Securing the software supply chain is of paramount importance to the tech industry today. However, it remains a big challenge as several best practices need to be implemented in order to successfully secure it. To give you an idea of the scale of the challenges, this whitepaper from the Cloud Native Computing Foundation (CNCF) outlines best practices for supply chain security. It breaks the problem space into 5 key areas (source code, dependencies, build pipelines, artifacts and deployments) and altogether documents a set of 54 best practices.

These set of practices can be very overwhelming to organizations starting out on this journey and have to ask themselves:

  • Where do you start?

  • Is there tooling that can help?

  • How do I pick the right path to go down?


The bad news is that you do need to figure out which of these practices matter for your particular organization and how you might approach tackling them. The good news is that there are some incredible open source tools emerging to help and folks from Citi have launched an amazing initiative to help put these all together.

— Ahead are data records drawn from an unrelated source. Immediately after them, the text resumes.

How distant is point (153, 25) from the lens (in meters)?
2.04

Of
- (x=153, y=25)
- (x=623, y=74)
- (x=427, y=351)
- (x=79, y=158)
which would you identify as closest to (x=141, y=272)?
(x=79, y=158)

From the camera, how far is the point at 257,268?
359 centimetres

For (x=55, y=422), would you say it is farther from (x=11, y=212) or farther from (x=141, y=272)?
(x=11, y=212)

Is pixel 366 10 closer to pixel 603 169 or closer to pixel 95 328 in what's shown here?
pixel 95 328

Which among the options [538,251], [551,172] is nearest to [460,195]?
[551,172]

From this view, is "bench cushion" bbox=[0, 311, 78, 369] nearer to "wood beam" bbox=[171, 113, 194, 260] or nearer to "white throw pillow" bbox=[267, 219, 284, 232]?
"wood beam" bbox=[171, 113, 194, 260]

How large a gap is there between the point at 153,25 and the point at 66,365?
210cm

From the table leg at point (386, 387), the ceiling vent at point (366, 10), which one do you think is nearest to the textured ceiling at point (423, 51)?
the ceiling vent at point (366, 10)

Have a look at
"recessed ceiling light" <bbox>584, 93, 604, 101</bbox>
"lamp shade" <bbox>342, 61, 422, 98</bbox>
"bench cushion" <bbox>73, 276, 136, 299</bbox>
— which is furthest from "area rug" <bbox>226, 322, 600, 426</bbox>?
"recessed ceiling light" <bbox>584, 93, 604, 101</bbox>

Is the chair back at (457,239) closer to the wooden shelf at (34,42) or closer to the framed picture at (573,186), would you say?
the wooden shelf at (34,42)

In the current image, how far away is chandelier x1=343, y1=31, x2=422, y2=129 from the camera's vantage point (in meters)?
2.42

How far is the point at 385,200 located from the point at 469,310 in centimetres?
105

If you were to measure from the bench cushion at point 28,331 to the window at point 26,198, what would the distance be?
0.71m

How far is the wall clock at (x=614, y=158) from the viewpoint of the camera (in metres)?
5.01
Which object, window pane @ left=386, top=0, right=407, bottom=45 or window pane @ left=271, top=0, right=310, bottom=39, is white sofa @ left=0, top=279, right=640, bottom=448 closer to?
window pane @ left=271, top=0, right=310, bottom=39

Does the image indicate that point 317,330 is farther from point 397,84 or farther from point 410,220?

The team at Citi has created a prototype implementation for a secure software supply chain. It is based on the upcoming CNCF's Secure Software Factory Reference Architecture and the Software Supply Chain Best Practices White Paper. The purpose of the project is to provide a set of tools, patterns, and policies in order to build artifacts with increased confidence around their authenticity and integrity, and with traceable provenance.


An illustration showing the difference between a traditional supply chain and a software supply chain

The Secure Software Factory uses best-in-class open source projects including Sigstore and Tekton. It was built with three key goals in mind:


  1. Secure by default - the design and configuration were carefully crafted to provide a secure platform

  2. SLSA ready - the platform implements SLSA guidelines to ensure software security and supply chain integrity

  3. Simple & Fast - it takes one single command to deploy it all


Sigstore is a new standard for signing, verifying and protecting software. It is an OpenSSF project that dramatically simplifies signing through better automation and user-friendly tools for a safer chain of custody tracing software back to source. Tekton is a powerful and flexible open source framework for creating CI/CD systems, allowing developers to build, test, and deploy across cloud providers and on-premise systems. Tekton is a Continuous Delivery Foundation project that is one of the first CI/CD systems to be secure-native.

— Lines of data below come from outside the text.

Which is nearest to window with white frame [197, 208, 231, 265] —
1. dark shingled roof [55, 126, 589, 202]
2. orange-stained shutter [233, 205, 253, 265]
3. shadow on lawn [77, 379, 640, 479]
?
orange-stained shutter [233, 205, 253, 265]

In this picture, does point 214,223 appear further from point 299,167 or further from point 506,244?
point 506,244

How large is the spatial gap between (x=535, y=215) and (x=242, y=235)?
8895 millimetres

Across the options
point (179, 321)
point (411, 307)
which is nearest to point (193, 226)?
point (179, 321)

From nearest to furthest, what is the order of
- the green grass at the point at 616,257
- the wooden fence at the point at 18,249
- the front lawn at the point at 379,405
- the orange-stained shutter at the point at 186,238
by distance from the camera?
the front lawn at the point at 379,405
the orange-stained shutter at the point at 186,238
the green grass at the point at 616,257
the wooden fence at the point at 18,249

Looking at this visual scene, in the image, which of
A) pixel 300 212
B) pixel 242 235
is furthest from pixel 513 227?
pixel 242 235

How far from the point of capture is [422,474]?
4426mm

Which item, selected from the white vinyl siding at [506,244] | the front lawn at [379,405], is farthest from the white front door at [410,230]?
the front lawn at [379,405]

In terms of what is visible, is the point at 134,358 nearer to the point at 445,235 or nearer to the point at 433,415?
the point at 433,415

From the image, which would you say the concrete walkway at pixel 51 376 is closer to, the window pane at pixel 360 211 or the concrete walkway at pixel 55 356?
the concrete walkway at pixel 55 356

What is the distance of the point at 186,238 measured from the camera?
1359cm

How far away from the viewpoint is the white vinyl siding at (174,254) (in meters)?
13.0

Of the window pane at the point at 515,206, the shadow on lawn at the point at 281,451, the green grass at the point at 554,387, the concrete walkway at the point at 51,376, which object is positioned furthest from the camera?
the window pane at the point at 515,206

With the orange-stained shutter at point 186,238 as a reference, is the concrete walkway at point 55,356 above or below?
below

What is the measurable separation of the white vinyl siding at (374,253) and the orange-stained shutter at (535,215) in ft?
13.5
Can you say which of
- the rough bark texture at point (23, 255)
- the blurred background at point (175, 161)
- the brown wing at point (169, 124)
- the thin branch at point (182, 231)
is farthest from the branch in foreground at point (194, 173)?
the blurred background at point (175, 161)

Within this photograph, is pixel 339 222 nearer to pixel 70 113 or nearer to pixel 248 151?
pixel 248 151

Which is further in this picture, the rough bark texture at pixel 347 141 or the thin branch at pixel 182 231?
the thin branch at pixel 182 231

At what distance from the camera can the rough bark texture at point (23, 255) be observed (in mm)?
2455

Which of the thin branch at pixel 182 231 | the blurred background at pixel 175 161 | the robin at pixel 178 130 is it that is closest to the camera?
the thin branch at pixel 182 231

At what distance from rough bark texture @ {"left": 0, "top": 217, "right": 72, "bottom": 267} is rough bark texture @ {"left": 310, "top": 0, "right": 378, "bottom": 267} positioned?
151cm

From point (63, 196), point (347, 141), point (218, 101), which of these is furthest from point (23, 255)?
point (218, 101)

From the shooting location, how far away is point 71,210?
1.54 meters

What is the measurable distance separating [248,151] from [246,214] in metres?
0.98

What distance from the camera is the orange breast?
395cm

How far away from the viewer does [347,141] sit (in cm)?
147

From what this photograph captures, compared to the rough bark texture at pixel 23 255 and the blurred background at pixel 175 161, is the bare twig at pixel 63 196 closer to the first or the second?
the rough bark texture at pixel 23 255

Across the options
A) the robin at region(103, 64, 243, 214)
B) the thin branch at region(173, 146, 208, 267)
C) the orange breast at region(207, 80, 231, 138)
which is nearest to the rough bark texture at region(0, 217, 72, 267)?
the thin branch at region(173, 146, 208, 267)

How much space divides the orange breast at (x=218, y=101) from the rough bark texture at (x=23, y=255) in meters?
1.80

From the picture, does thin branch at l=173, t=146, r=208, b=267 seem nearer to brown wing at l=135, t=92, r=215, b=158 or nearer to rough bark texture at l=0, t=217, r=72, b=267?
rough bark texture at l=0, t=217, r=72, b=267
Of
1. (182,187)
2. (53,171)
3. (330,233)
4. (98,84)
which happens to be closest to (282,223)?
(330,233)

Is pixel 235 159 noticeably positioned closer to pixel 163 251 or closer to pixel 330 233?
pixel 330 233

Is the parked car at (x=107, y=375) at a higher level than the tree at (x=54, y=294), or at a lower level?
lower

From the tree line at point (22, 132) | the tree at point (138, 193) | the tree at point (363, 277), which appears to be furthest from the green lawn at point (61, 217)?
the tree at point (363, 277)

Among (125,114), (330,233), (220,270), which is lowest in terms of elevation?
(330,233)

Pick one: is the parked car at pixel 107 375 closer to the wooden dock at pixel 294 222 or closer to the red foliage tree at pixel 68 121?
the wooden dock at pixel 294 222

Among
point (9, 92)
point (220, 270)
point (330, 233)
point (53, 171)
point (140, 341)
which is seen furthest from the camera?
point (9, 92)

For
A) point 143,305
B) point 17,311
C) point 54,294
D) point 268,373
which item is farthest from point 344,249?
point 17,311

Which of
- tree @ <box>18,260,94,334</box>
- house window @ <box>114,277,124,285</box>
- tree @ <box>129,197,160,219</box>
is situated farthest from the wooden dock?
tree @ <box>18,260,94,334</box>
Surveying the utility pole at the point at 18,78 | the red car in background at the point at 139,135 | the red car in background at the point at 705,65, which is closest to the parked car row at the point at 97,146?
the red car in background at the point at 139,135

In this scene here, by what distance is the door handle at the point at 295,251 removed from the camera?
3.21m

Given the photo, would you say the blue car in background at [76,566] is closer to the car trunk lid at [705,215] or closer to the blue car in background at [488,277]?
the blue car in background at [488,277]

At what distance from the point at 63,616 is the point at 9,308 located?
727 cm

The table below outlines some of the key open source software projects used and what purpose they serve in the reference architecture:


Secure Supply Chain Component

Reference Architecture Project

Automated Signing

Sigstore Cosign

Pipeline Framework (CI/CD pipelines)

Tekton Pipelines

Pipeline Observer

Tekton Chains

Admission Controller

Kyverno

Identity Attestation

Spire

Scheduling and Orchestration platform

Kubernetes


Michael Lieberman and Brad Beck from Citi showcased the project at a recent meeting of the OpenSSF’s Supply Chain Integrity working group.



The demo was well received by the community, and Citi's plan is to contribute this project to the OpenSSF Supply Chain Integrity working group. They will also be welcoming contributions and feedback from the wider community. It’s a well needed initiative and we encourage folks to check out the resources and get involved.